Quest’ultimo punto è centrale per la tesi della tokenizzazione. Man mano che sempre più asset del mondo reale passano on-chain, si possono creare pool di liquidità per asset tokenizzati naturalmente correlati. Standard Chartered ha affermato che le istituzioni della finanza tradizionale non possono replicare da sole questa struttura senza un’infrastruttura nativa DeFi.
“Per cogliere appieno questo potenziale di crescita e il corrispondente aumento delle commissioni di protocollo, pensiamo che Uniswap debba far leva sui suoi punti di forza unici”, ha detto la banca.
Il rapporto afferma che anche l’associazione di Uniswap con la sicurezza potrebbe essere importante man mano che le società della finanza tradizionale aumentano la scala sugli asset del mondo reale tokenizzati.
Standard Chartered prevede UNI a 100 dollari entro il 2030
Standard Chartered ha avviato la copertura di Uniswap con una previsione di prezzo di 100 dollari per UNI entro la fine del 2030.
La banca si aspetta che UNI salga a 6,50 dollari nel 2026, 20 dollari nel 2027, 40 dollari nel 2028, 65 dollari nel 2029 e 100 dollari nel 2030.
Ciò si confronta con l’attuale prezzo di circa 2,50 dollari, implicando un aumento di 40 volte se la previsione si realizzerà.

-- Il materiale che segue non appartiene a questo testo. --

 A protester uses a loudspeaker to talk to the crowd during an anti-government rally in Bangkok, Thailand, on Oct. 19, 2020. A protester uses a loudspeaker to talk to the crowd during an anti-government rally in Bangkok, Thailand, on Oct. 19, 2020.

Standard Chartered ha affermato che questo permetterebbe a UNI di sovraperformare sia Bitcoin che Ethereum fino alla fine del decennio.
Le previsioni di riferimento della banca collocano Ethereum a 4.000 dollari nel 2026, 10.000 dollari nel 2027, 18.000 dollari nel 2028, 28.000 dollari nel 2029 e 40.000 dollari nel 2030. Le previsioni per Bitcoin sono di 100.000 dollari nel 2026, 200.000 dollari nel 2027, 300.000 dollari nel 2028, 400.000 dollari nel 2029 e 500.000 dollari nel 2030.

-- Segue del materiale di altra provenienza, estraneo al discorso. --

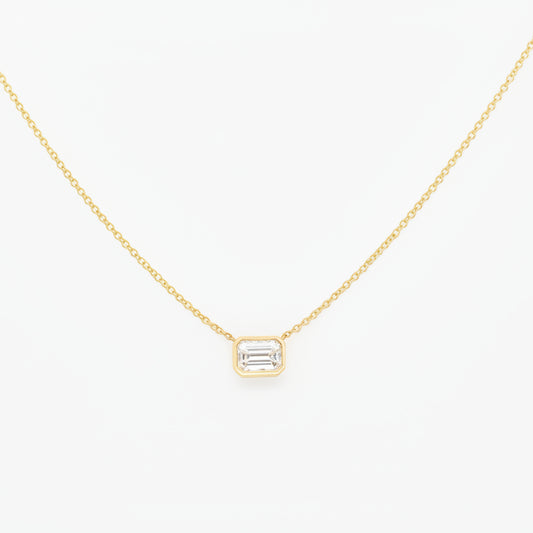 Emerald Cut 0.30cts Diamond Necklace in 9ct Yellow Gold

Kendrick ha affermato che la valutazione di Uniswap potrebbe essere rivalutata se dovesse commercializzare la propria posizione e assicurarsi partnership significative con la finanza tradizionale.
“Se Uniswap riuscirà a commercializzare a sufficienza e a creare partnership TradFi abbastanza significative da scalare, il suo multiplo capitalizzazione di mercato/commissioni di transazione tenderà probabilmente a crescere, riducendo il divario con Coinbase”, ha affermato Standard Chartered.
Il rapporto presenta Uniswap come una delle più chiare opportunità di investimento in token quotati rispetto all’aspettativa più ampia della banca che gli asset tokenizzati diventino una fonte primaria di attività DeFi entro il 2030.